La raison de cette éviction est la lenteur des résultats de son plan de redressement, jugé trop ambitieux et coûteux par le conseil d'administration. Malgré des avancées technologiques notables, la performance boursière de l'entreprise s'est effondrée de plus de 60% sous son mandat, une situation intenable pour les actionnaires.

Cette révélation vient jeter une lumière crue sur les tensions internes qui agitaient le géant de Santa Clara. Alors que les premières communications officielles laissaient entrevoir une succession en douceur, la réalité était tout autre. Cette décision abrupte avait d'ailleurs suscité de vives réactions, y compris celle d'un autre ancien P.-D.G. d'Intel qui n'avait pas hésité à prendre publiquement sa défense.

IDM 2.0 : le pari de la fonderie face à la réalité du marché

Au cœur de la discorde se trouve la stratégie IDM 2.0 (Integrated Device Manufacturing) portée par Pat Gelsinger. Son objectif était de transformer Intel en un fondeur de premier plan, capable de produire des puces pour des clients externes tout en continuant à sous-traiter une partie de sa propre production. L'ambition était claire : concurrencer directement les mastodontes asiatiques que sont TSMC et Samsung.

Pat Gelsinger -  © AFP
Pat Gelsinger - © AFP

Cependant, malgré le plan audacieux « 5 nœuds de gravure en 4 ans », les revenus n'ont pas suivi. La transition s'est avérée plus complexe et onéreuse que prévu, et le géant américain a peiné à convaincre de nouveaux clients majeurs, face à un TSMC qui domine outrageusement le marché avec plus de 60% des parts. Le fondeur taïwanais a même lancé sa propre contre-offensive avec son modèle Foundry 2.0, une offre de services complète incluant l'assemblage et le test des puces.

Le futur nœud de gravure Intel 18A, qui intègre les technologies PowerVia (alimentation par l'arrière de la puce) et RibbonFET (transistors de type Gate-All-Around), est certes prometteur sur le papier.

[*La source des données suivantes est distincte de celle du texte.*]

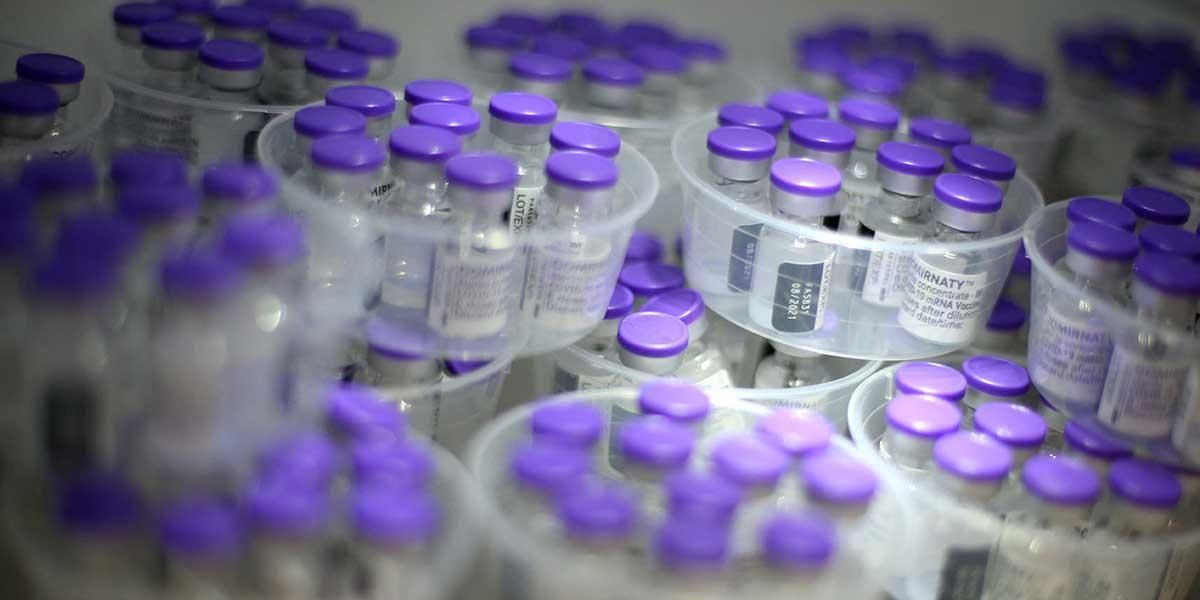 EE. UU. otorga aprobación total a la vacuna de Pfizer contra COVID-19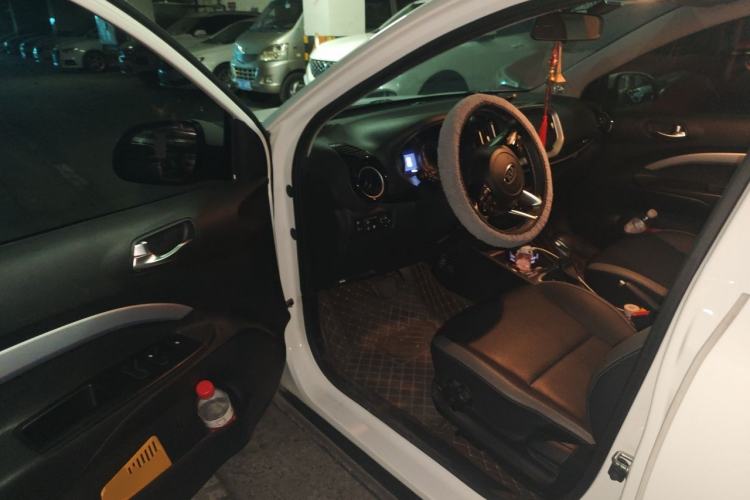 Used Kia kx1 Stonic 2021 1.4L CVT Fun Edition Driver Seat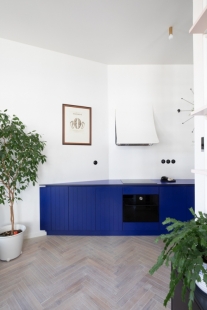 Byt s modrou kuchyní - foto: Zuzana Veselá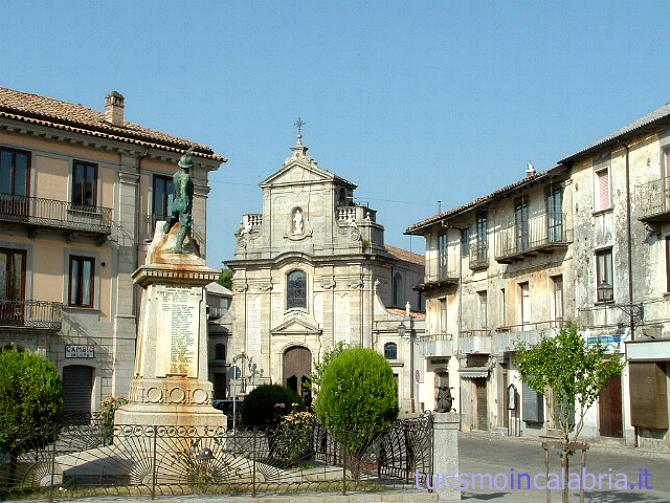 Corso Umberto e Chiesa di San Biagio con facciata in granito a Serra san Bruno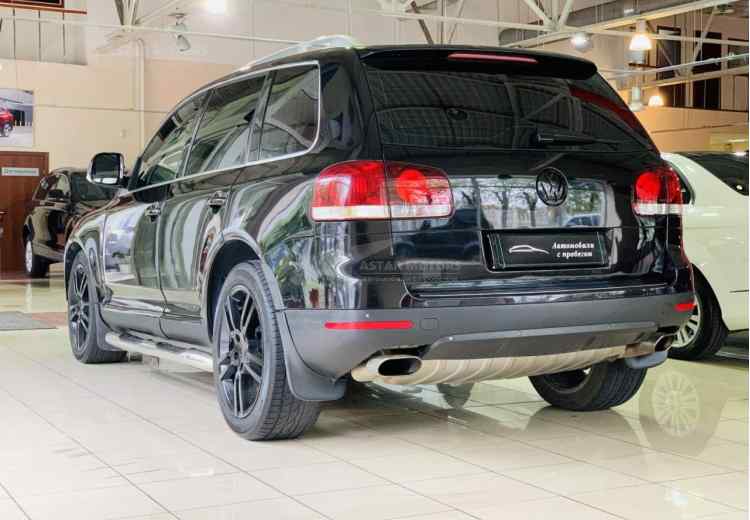 Volkswagen Touareg I Рестайлинг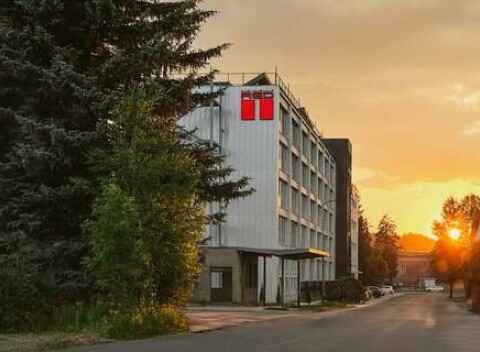 Výnimočný pobyt na Horehroní v Double Red Cars Hotel*** so vstupom do múzea športových áut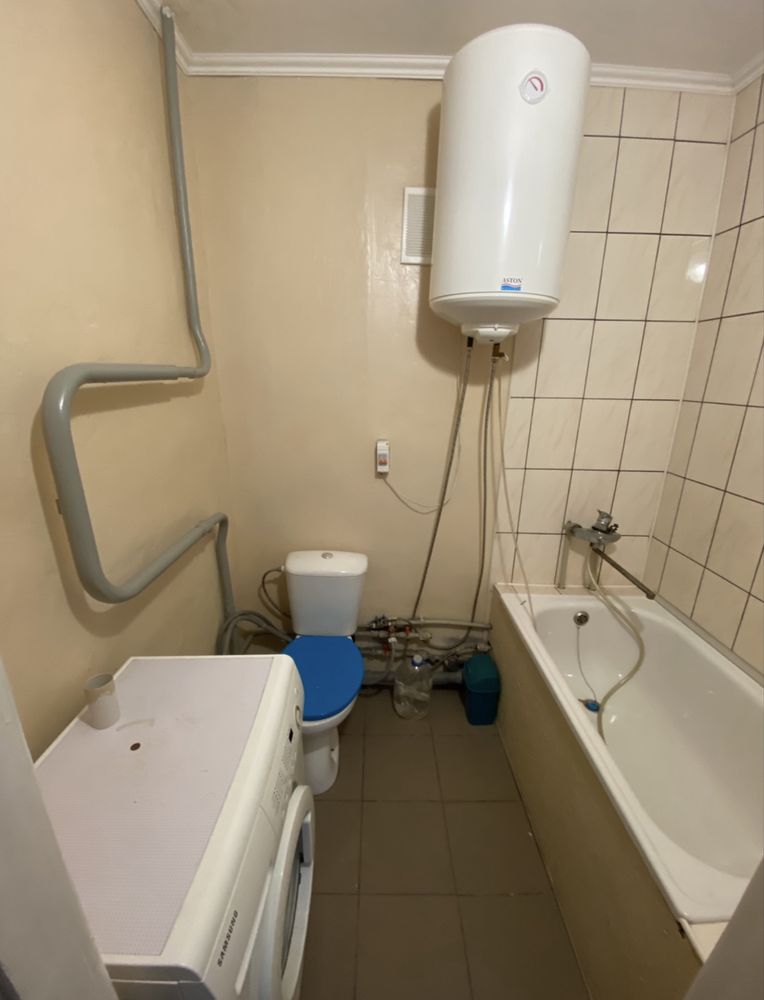 One-Bedroom Apartment with Appliances Near Market
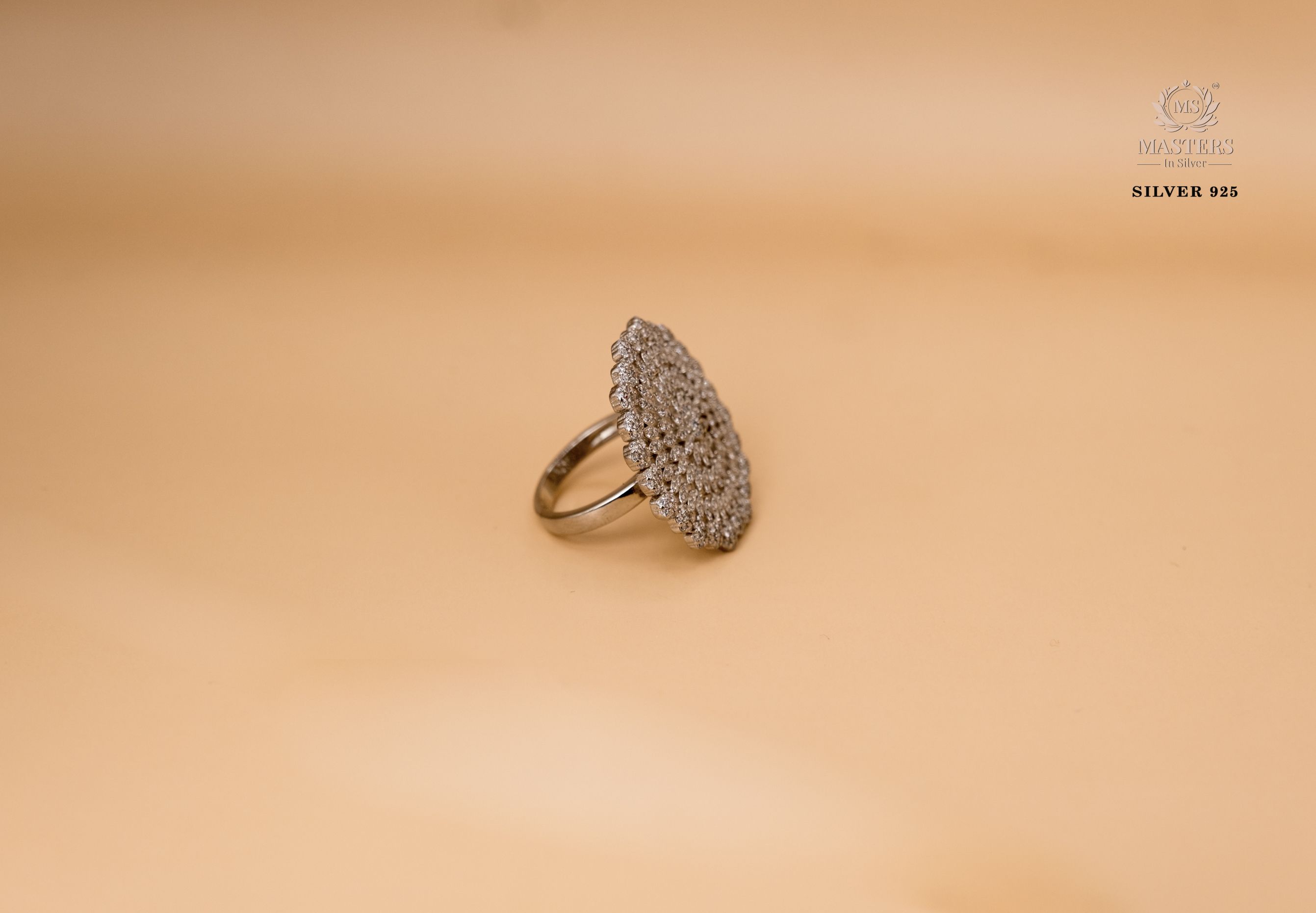 ORIGINAL IMPORTED COCKTAIL DIAMOND LOOKS SILVER 925 RING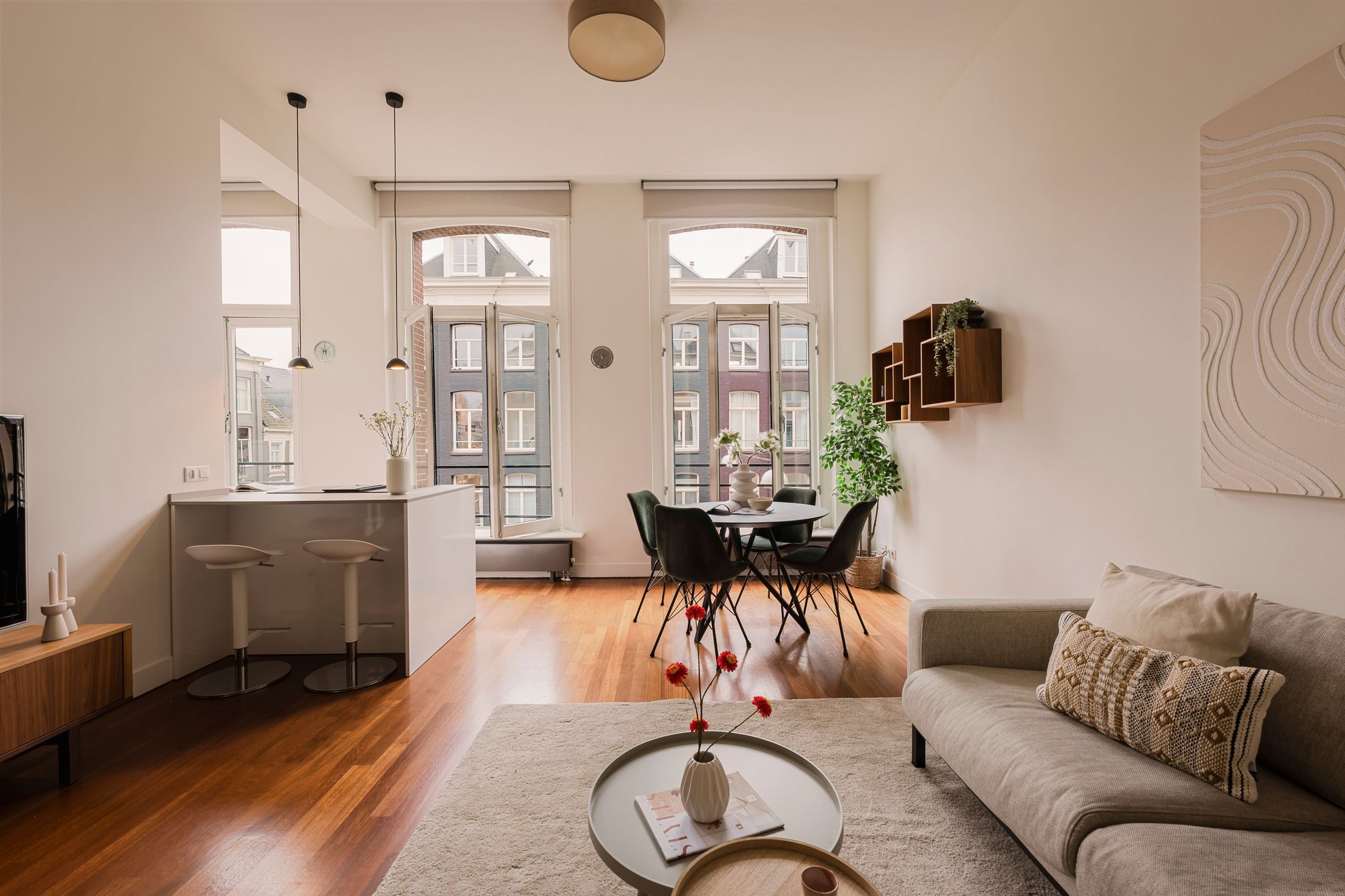 Foto 15 van Van Baerlestraat 15-2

Toutefois, il risque de perdre son avantage compétitif face au N2P de TSMC, dont la production en volume est prévue pour la seconde moitié de 2026, potentiellement avant qu'Intel ne puisse déployer massivement sa propre technologie.

L'héritage de Gelsinger et le futur d'Intel

Pat Gelsinger quitte donc l'entreprise avec un héritage contrasté et un confortable parachute doré, estimé entre 10 et 25 millions de dollars selon les sources. Il laisse derrière lui une entreprise en pleine mutation, mais dont la trajectoire est encore incertaine.

Le nouveau dirigeant, Lip-Bu Tan, semble vouloir opérer des changements significatifs. Sa vision pour Intel inclut une restructuration des activités de fonderie, un allègement des strates managériales jugées trop lentes et une concentration accrue sur l'intelligence artificielle, notamment avec les futures puces du projet Panther Lake.

Intel se trouve à un carrefour critique. L'avenir dira si la décision du conseil d'administration d'écarter Pat Gelsinger était une correction de cap nécessaire ou un pari hasardeux qui a privé l'entreprise d'une vision à long terme, au moment même où la compétition dans le secteur des semi-conducteurs atteint son paroxysme.